(Source records)
+-------+

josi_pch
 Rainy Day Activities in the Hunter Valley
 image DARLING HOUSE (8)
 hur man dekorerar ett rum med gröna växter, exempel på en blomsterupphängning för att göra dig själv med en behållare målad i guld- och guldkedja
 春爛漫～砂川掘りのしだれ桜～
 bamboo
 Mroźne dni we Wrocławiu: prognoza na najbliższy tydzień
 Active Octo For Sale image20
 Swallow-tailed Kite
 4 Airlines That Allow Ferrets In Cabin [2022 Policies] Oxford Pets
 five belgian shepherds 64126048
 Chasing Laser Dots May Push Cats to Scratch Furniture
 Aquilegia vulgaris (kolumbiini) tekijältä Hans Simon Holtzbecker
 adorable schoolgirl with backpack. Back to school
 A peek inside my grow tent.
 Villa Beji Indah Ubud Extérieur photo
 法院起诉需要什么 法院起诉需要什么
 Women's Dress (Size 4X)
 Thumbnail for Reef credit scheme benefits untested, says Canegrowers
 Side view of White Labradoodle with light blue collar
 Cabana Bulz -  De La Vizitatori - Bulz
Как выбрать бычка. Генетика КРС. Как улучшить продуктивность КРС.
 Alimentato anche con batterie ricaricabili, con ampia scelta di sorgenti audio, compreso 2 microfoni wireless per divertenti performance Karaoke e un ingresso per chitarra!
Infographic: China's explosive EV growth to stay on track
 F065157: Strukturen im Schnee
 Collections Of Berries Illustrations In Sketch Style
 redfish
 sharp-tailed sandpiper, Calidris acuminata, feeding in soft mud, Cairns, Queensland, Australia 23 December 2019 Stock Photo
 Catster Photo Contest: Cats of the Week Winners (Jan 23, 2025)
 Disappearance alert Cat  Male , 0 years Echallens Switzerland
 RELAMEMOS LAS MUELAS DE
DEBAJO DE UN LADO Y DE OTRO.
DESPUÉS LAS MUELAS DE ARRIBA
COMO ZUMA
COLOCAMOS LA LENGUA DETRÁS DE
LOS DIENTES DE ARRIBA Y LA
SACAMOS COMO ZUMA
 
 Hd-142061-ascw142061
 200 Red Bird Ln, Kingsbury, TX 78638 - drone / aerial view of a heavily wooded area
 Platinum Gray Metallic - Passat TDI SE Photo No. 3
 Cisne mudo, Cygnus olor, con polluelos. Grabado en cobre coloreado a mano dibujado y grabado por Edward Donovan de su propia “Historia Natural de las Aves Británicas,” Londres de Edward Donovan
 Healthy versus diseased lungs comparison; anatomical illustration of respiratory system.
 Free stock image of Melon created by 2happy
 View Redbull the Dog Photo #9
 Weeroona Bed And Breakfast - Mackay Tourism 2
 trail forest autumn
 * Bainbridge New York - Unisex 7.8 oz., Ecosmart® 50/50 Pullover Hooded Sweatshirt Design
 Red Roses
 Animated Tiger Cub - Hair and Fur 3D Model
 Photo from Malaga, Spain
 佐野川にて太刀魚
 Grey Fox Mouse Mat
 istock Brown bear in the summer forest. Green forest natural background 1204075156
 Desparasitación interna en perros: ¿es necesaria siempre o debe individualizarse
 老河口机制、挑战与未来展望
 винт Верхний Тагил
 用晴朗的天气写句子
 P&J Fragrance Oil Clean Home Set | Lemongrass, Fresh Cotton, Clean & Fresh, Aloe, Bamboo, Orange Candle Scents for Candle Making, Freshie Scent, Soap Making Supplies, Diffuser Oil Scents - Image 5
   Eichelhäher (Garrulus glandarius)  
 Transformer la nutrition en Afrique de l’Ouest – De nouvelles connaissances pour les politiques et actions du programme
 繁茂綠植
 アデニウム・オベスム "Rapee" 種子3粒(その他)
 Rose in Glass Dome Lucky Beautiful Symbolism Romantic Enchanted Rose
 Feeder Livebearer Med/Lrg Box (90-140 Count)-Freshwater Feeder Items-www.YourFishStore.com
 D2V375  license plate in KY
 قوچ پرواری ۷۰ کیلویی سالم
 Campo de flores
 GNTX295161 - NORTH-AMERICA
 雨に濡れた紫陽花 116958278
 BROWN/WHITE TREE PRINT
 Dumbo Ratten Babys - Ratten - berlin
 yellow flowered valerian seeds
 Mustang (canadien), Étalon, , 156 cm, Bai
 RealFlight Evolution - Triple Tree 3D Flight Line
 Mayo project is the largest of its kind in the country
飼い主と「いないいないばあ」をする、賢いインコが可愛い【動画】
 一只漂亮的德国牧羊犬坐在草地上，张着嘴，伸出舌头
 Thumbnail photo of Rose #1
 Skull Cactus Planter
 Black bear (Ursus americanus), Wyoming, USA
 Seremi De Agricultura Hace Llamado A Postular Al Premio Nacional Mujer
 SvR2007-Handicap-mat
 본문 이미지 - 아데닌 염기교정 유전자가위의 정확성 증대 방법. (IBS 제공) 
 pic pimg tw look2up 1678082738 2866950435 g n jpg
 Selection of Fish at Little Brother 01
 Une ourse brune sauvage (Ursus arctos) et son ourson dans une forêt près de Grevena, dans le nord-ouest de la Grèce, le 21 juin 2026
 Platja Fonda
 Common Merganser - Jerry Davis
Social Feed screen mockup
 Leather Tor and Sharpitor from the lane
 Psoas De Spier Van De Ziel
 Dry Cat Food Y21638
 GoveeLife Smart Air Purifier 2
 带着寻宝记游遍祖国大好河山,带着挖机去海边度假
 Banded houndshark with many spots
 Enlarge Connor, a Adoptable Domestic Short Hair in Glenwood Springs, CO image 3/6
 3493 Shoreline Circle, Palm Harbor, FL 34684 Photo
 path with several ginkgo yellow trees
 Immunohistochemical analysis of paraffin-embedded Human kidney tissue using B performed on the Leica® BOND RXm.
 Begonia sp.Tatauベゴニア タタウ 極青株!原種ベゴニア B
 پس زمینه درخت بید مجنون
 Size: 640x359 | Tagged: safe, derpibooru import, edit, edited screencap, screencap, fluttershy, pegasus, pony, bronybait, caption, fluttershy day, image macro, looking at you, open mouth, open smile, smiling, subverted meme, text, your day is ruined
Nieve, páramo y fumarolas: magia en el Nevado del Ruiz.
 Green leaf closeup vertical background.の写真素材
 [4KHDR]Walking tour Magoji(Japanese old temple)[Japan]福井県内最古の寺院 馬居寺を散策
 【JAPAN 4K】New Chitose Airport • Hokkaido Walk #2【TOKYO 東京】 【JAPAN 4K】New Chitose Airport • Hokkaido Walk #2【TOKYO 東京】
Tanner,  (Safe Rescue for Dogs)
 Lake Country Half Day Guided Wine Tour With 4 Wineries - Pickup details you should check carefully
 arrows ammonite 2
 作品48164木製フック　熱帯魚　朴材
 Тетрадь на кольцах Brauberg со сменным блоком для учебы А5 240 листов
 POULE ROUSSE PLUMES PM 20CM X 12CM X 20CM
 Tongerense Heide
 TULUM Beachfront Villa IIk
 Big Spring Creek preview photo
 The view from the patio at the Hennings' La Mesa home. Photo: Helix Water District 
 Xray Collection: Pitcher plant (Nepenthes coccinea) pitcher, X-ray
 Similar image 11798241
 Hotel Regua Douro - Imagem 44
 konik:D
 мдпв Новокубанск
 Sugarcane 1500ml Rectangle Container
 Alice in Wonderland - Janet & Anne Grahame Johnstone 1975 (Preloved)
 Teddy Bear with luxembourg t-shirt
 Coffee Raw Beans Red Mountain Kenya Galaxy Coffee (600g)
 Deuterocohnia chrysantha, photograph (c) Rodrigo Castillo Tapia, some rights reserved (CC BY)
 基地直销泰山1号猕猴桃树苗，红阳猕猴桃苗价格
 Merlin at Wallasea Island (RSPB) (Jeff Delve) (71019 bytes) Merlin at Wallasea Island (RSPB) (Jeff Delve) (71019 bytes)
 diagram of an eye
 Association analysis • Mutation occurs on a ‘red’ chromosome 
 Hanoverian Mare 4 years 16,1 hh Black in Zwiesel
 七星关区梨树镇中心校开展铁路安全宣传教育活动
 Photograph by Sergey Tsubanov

+-------+

Please copy the lines in the records above between the one holding "P&J Fragrance Oil" and the one holding "BROWN/WHITE TREE PRINT", inclusive, exactly and with no other line.

 P&J Fragrance Oil Clean Home Set | Lemongrass, Fresh Cotton, Clean & Fresh, Aloe, Bamboo, Orange Candle Scents for Candle Making, Freshie Scent, Soap Making Supplies, Diffuser Oil Scents - Image 5
   Eichelhäher (Garrulus glandarius)  
 Transformer la nutrition en Afrique de l’Ouest – De nouvelles connaissances pour les politiques et actions du programme
 繁茂綠植
 アデニウム・オベスム "Rapee" 種子3粒(その他)
 Rose in Glass Dome Lucky Beautiful Symbolism Romantic Enchanted Rose
 Feeder Livebearer Med/Lrg Box (90-140 Count)-Freshwater Feeder Items-www.YourFishStore.com
 D2V375  license plate in KY
 قوچ پرواری ۷۰ کیلویی سالم
 Campo de flores
 GNTX295161 - NORTH-AMERICA
 雨に濡れた紫陽花 116958278
 BROWN/WHITE TREE PRINT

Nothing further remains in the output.